Mortimer was very active in the progressive group of the Society of Artists and was elected President in 1774. His conversation pieces were influenced by Zoffany, though from 1770 his style became more romantic and influenced by Salvator Rosa with groups of banditti in wild Italianate scenery. His major works were executed in the 1770's, such as ceiling decorations for Brocket Hall which were completed in 1773, and grand historical pictures for Radburne Hall. His best portraits and conversation pieces were executed towards the end of his life which was cut suddenly short by an unknown illness.
-
This portrait was likely painted c.1775 in the last decade of Mortimer's life during the height of his powers as an artist and at around the time that he was elected President of the Society of Artists.
Lady Jane Piggott (nee Dunnington) was born in Manchester in 1751 and married Sir Arthur Leary Piggott in 1773. Sir Arthur (1749 - 1819) was a highly respected lawyer and politician born in the West Indies. A staunch Whig, he was Knighted and appointed Attorney General in 1806 and was MP for Arundel, Sussex.
Another portrait by Mortimer which is presumed to be of Lady Piggott is in The Louvre (RF 2439). This work, perhaps the finished version with the present painting being the preliminary sketch, shows Lady Piggott in a feigned oval holding a print portrait of Richard II from Mortimer's own series of etchings 'Twelve Characters from Shakespeare' published 20 May 1775. The Louvre has therefore dated their picture to 1775 and we may suggest the same date, or slightly earlier, for the present picture.
The inclusion of Mortimer's own print in the Louvre picture hints at a close friendship between him and the Piggotts.
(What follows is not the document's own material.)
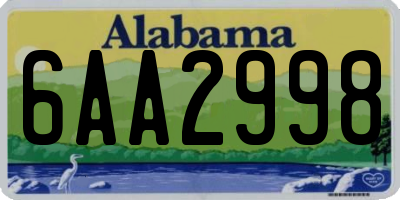 AL license plate 6AA2998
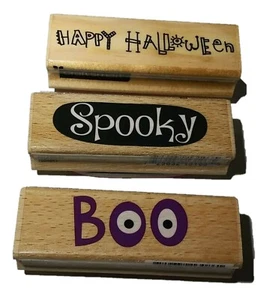 Set of Three Halloween Themed Stamps Words Spooky Boo & Happy Halloween - Imagen 1 de 10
Indeed, Jane Piggott is recorded as witnessing Mortimer's will alongside other close friends Mary Ireland and Allen Hurrell, Mortimer's brother-in-law. John Sunderland writes that Jane Piggott presented her portrait (meaning the present picture) to Catherine Ann Lanyon, Mortimer's niece, 'with whom she was very friendly' (see J. Sunderland in lit., p. 98).
A note on the provenance:
Sir Charles Lanyon, Mortimer's great-nephew, was an MP, engineer and architect. He is considered Belfast's most important architect of the Victorian era alongside William Barre. Among his best known projects are the Antrim Coast Road (1832-42), the main building of Queen's University (1849), and Belfast Custom House (1857). The painting remained in the possession of Mortimer's descendants until well into the 20th century.
Provenance:
Given to Catherine Ann Lanyon, née Mortimer (1773 - 1840) the artist's niece, by Lady Jane Piggott;
By descent to her son the architect Sir Charles Lanyon (1813 - 1889);
By descent to Dorothy Elizabeth Mary Millar, née Westropp (her inscription verso) (1904 - ?)
Private collection, UK.
Literature:
'The Life of Mortimer the Painter', in The Monthly Magazine, or, British Register, Issue I, 6 Feb 1796, p. 24.
J. Sunderland, 'John Hamilton Mortimer and His Life and Works', in The Walpole Society, Vol. 52, 1986, p. 192, cat. no. 144, ill., fig. 265.